Thirty million dollars’ worth of Utah real estate is now officially protected as farmland, thanks to Thayne and Cari Tagge’s decision to place their orchard property into an agricultural conservation easement through their own irrevocable will.
In a state where the Wasatch Front is rapidly filling with concrete, high-density housing, and big-box developments, the Tagges’ choice bucks a trend that has wiped out generations of Utah family farms. “Cash or crops?” is the question most landowners face — and the cash is tempting. With land prices hitting up ot $100,000 an acre in some areas, many second- and third-generation farmers are selling out. But Tagge, with his “famous Tagge fruit,” has chosen to protect his land for future generations.
“When people talk about the highest and best use of land, there is no doubt that my peach orchards here are the highest and best use,” says Tagge. “This is a very special place for growing some of the best peaches in the world, and that should be preserved.”

Tagge’s fruit — particularly his Brigham City peaches — has become a staple at farmers markets and fruit stands from Salt Lake to Logan. His peaches thrive in the microclimate above Willard Bay. The orchards stretch along the hillsides of Perry and Brigham City, where cooler spring temperatures are tempered by lake-effect winds, and where rocky soil layered beneath pioneer-era aqueducts provides ideal drainage and mineral content.
“We rarely freeze here,” Tagge explains. “And when they freeze below, a lot of times we are fine.” That microclimate makes this land irreplaceable for stone fruit cultivation.

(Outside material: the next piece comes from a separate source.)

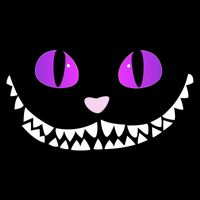 Halloween Cheshire Cat Grinning Smile Wonderland Floating Cropped Pullover Crew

Tagge and his wife bought their first piece of orchard land in 1997 for $9,000 an acre. He was a newcomer to farming, and the retiring owner, Paul Samita — who was dealing with a broken ankle and complications from diabetes — agreed to teach him everything he knew. “The deal was, he would help me out for a year, teach me all he knew, and then I’d take it from there. And he did that,” Tagge says.
What began as a leap of faith has since become one of Utah’s most recognizable agricultural success stories. But as we ride with Tagge through his orchards and fruit stands, it’s clear that the fight to keep farmland intact is far from over.
“There used to be more orchards here,” Tagge says, pointing to rows of new townhomes and subdivisions. “That guy just decided to give up. He wanted too much, so I couldn’t get it. They’re done now.”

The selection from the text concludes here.